_About this task_: The answer should hold nothing but the lines from the one with "this 640×426 image." through the end of the listing below, each exactly as written.

_Material for this exercise_:
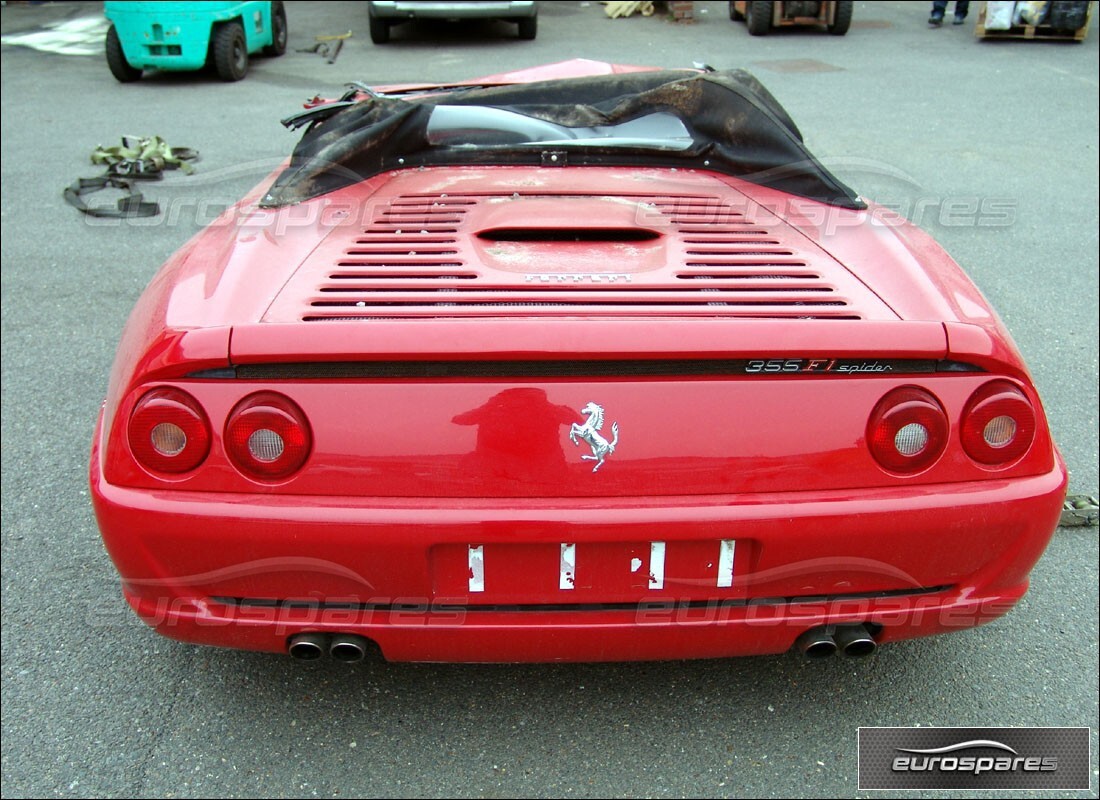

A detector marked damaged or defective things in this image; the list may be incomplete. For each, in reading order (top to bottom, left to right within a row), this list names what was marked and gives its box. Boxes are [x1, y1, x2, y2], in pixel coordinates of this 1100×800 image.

torn convertible roof [260, 67, 872, 209]
damaged soft top [264, 67, 868, 209]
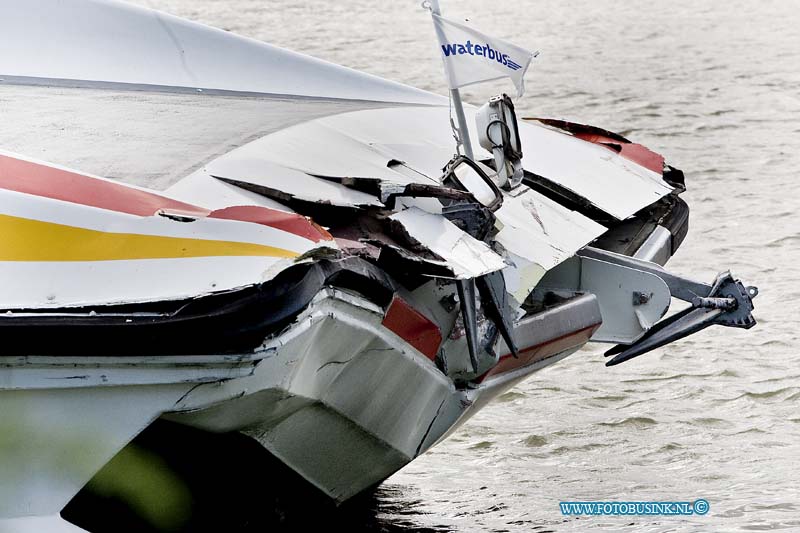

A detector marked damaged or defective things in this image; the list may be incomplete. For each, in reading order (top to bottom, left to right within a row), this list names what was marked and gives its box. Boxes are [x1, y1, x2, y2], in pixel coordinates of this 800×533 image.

torn metal panel [390, 206, 506, 278]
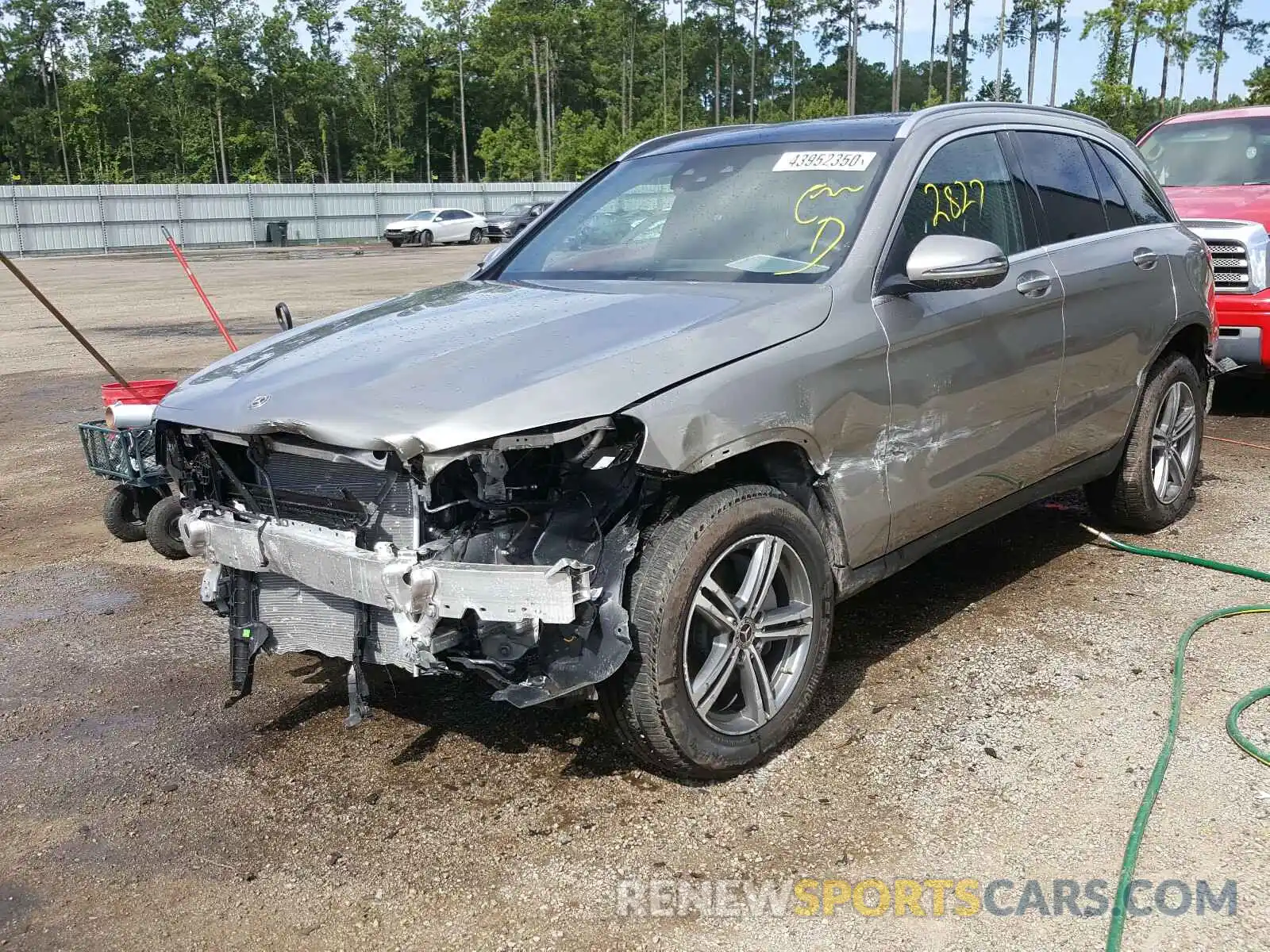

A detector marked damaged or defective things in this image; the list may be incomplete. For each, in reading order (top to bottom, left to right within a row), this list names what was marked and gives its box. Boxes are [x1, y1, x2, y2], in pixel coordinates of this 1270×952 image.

crumpled hood [1168, 184, 1270, 235]
crushed front end [157, 419, 645, 717]
crumpled hood [156, 279, 832, 457]
damaged mercedes-benz suv [154, 104, 1213, 777]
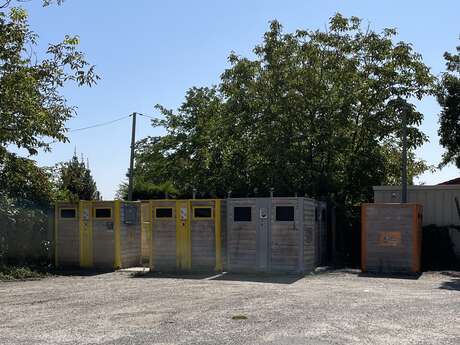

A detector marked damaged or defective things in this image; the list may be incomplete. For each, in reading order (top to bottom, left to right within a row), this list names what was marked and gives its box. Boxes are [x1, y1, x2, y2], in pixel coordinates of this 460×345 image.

rusted metal bin [54, 199, 141, 268]
rusted metal bin [148, 199, 226, 272]
rusted metal bin [226, 198, 328, 272]
rusted metal bin [362, 203, 422, 272]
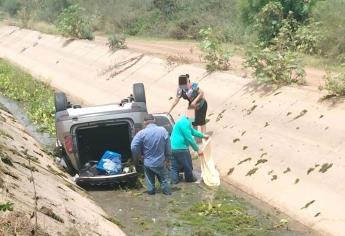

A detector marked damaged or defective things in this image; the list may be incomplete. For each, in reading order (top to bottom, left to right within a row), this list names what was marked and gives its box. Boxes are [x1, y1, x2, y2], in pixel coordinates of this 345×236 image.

overturned vehicle [54, 84, 173, 185]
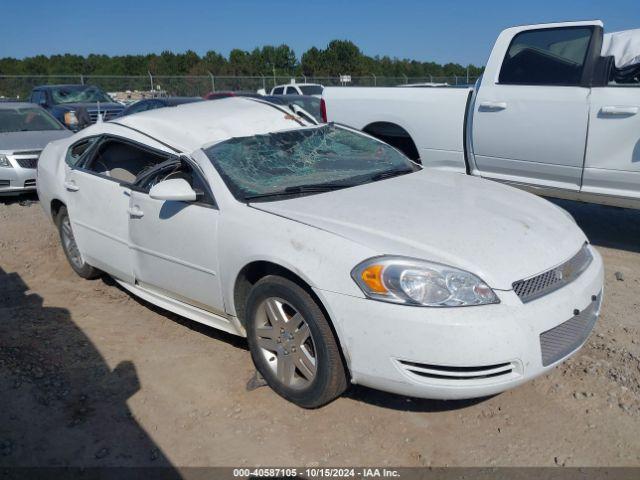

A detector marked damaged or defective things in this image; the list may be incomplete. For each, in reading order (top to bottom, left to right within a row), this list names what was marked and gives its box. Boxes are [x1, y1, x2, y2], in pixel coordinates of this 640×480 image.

shattered windshield [52, 86, 114, 105]
shattered windshield [202, 123, 418, 202]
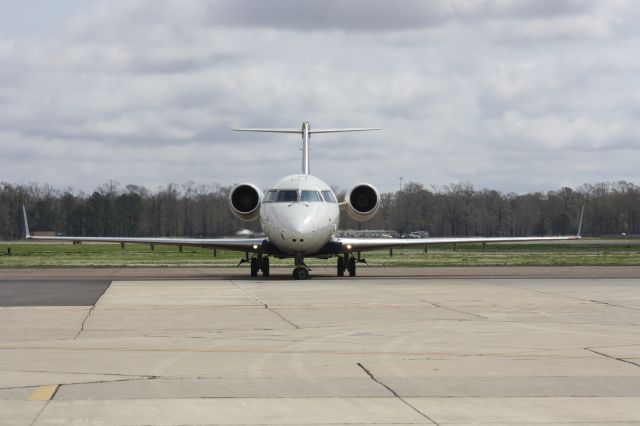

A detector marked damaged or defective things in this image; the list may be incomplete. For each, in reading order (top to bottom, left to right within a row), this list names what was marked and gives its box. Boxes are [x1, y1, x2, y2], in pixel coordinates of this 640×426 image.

pavement crack [74, 306, 96, 340]
pavement crack [584, 348, 640, 368]
pavement crack [356, 362, 440, 426]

_Result of the task_:
A detector marked damaged or defective things in this image; the list may be incomplete. For each, in reading order (top to bottom, left to right within a row), this list names what was marked and gives its box. Boxes are [x1, y1, x2, y2], in pixel coordinates of this 640×426 image.

pavement crack [74, 306, 96, 340]
pavement crack [584, 348, 640, 368]
pavement crack [356, 362, 440, 426]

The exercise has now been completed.